Lingering angst in China’s property sector manifested in an aborted bond sale from Country Garden, undermining fragile sentiment. According to IFR, the developer failed to source sufficient demand for a prospective $300 million convertible note. Morgan Stanley and JPMorgan gauged interest for the deal, but it didn’t move forward, people familiar with the matter said.

That prompted a rout in the firm’s dollar bonds. The Hong Kong-listed shares plunged nearly 8% (figure below).

Not helping matters was a Bloomberg report which suggested banks are becoming more cautious about funding LGFV property projects.

“At least five state-run banks have imposed new restrictions this year,” the linked article said, citing sources and noting that “China’s biggest lenders are walking a fine line… encouraged by regulators to extend credit to stronger developers [but] under pressure to keep loan losses contained and avoid financing property firms and LGFVs that have borrowed excessively.” As ever, it’s a juggling act.

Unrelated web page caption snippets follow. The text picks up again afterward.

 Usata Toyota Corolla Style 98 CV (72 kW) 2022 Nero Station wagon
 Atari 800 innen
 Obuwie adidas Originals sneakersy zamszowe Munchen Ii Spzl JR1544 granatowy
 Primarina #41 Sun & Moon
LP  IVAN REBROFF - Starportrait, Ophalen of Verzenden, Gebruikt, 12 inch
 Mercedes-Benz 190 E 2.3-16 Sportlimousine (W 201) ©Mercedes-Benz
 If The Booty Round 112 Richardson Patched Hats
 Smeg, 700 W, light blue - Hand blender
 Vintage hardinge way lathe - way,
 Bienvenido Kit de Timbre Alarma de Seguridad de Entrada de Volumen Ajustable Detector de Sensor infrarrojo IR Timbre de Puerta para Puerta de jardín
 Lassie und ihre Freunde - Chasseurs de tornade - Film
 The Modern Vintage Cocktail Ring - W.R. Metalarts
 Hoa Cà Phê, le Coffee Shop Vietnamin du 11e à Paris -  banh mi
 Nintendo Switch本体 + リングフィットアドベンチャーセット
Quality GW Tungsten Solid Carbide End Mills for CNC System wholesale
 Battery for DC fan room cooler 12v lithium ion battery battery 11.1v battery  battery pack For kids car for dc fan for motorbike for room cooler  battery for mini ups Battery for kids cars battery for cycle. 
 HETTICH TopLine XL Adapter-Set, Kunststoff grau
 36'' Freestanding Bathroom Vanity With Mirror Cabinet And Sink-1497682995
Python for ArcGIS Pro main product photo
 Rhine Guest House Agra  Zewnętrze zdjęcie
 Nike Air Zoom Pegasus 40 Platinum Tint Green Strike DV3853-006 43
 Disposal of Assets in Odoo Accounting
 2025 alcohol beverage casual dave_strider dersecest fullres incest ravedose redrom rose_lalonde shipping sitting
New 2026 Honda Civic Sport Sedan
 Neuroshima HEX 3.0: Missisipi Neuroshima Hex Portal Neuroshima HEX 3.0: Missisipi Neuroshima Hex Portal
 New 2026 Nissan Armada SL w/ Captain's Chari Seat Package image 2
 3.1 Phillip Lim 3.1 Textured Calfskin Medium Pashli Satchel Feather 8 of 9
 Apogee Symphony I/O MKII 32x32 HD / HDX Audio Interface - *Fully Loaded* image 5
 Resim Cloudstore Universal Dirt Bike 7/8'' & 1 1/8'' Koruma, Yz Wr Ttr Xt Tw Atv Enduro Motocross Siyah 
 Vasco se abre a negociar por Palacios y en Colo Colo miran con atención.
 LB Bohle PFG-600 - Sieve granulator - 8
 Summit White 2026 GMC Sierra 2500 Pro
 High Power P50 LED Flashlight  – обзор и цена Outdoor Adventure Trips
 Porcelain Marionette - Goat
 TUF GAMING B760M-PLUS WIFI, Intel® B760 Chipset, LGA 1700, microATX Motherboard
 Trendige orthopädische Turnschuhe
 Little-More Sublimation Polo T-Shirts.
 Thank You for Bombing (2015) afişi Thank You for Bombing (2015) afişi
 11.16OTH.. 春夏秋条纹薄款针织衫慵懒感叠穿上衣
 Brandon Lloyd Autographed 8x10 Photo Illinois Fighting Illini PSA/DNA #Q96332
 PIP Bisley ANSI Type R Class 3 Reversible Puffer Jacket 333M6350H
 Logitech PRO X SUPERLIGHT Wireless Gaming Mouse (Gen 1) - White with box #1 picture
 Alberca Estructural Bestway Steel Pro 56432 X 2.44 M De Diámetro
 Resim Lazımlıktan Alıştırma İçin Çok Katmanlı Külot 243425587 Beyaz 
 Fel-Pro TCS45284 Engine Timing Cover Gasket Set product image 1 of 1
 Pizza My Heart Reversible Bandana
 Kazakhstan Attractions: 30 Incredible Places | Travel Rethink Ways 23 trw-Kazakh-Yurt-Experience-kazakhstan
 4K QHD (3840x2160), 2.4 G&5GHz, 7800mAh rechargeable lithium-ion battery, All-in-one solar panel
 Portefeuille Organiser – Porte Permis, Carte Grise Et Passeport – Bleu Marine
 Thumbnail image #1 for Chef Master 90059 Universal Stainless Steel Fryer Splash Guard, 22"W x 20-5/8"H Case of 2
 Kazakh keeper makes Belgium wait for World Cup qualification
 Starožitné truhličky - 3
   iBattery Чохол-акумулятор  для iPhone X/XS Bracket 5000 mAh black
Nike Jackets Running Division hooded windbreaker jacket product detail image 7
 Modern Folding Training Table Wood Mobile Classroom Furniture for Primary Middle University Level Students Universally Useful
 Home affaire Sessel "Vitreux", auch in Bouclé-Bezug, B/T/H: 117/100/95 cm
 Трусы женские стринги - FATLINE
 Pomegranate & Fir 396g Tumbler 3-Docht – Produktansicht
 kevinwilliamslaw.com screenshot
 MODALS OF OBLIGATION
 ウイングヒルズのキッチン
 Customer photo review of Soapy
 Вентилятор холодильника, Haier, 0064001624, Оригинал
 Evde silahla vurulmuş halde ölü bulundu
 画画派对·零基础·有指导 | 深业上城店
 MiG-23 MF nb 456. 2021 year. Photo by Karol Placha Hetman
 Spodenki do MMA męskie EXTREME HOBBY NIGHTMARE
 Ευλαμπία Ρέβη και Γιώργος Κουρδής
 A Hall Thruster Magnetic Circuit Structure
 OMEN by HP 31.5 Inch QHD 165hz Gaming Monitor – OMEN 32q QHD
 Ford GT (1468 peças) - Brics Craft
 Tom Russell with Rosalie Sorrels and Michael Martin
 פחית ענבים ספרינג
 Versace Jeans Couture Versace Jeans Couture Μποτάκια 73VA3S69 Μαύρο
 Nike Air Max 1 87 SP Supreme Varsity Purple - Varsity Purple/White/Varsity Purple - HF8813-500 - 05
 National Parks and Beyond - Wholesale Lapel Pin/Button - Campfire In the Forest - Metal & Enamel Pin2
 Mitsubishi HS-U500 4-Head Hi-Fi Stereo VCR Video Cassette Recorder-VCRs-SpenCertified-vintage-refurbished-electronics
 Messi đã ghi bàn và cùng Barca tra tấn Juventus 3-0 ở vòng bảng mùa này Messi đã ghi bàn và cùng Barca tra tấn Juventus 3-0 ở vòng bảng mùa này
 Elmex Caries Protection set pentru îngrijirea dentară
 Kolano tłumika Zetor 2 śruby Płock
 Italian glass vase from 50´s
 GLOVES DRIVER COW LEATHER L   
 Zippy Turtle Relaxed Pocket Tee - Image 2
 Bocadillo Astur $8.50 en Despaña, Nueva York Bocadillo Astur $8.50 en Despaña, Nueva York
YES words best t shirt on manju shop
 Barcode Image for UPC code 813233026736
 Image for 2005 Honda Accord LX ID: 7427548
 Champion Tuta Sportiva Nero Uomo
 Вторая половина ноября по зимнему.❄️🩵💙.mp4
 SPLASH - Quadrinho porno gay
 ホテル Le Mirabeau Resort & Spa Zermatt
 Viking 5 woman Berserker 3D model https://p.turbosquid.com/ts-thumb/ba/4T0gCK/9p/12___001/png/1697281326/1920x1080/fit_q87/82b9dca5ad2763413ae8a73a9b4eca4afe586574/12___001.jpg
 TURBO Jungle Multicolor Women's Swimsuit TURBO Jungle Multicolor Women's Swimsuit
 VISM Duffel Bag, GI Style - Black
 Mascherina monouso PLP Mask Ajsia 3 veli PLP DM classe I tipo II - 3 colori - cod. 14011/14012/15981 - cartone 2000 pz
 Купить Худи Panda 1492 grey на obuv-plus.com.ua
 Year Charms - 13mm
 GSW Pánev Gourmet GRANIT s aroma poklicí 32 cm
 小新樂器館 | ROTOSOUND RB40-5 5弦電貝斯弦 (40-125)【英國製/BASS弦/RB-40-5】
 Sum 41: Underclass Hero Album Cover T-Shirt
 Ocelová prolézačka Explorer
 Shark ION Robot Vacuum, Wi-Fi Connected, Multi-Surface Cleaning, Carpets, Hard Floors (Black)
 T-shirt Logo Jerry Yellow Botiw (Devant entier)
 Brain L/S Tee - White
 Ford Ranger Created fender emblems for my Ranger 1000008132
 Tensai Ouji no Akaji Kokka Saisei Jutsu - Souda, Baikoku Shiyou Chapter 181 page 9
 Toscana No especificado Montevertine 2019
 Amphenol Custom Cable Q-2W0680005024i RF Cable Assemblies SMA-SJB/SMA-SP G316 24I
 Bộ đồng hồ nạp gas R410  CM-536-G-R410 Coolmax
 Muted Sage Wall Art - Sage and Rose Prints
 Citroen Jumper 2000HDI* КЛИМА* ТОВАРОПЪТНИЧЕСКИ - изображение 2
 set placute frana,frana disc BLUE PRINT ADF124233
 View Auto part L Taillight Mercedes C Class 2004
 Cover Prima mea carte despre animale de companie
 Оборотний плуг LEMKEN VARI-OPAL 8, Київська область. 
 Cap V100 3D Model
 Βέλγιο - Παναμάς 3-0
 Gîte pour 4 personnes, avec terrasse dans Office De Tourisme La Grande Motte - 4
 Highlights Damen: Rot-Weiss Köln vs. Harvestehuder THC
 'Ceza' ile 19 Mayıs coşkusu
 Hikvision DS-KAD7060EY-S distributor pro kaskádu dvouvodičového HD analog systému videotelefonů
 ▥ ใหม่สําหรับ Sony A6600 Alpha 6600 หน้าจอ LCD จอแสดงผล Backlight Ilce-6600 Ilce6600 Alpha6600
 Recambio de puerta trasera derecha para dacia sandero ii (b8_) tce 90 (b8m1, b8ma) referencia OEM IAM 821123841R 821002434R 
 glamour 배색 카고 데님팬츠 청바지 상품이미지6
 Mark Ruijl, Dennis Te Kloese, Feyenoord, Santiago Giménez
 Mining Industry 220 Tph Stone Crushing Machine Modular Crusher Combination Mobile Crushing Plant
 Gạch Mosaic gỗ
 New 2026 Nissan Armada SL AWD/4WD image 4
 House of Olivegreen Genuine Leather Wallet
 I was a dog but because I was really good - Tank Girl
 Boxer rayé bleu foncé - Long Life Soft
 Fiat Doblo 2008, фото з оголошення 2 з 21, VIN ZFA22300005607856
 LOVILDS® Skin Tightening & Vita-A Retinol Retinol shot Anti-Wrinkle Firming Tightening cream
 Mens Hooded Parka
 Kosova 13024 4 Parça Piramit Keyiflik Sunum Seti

The slump in mainland benchmarks took the CSI 300 to a five-month low (figure below).

On net, foreign investors sold some $94 million worth of mainland shares Thursday. Apparently, not everyone is on board with Bridgewater’s call to get long Chinese bonds and hunt for “opportunities” in Chinese equities. Pure Alpha II managed just an 8% gain in 2021, and even that reportedly required a December stick save. (I digress.)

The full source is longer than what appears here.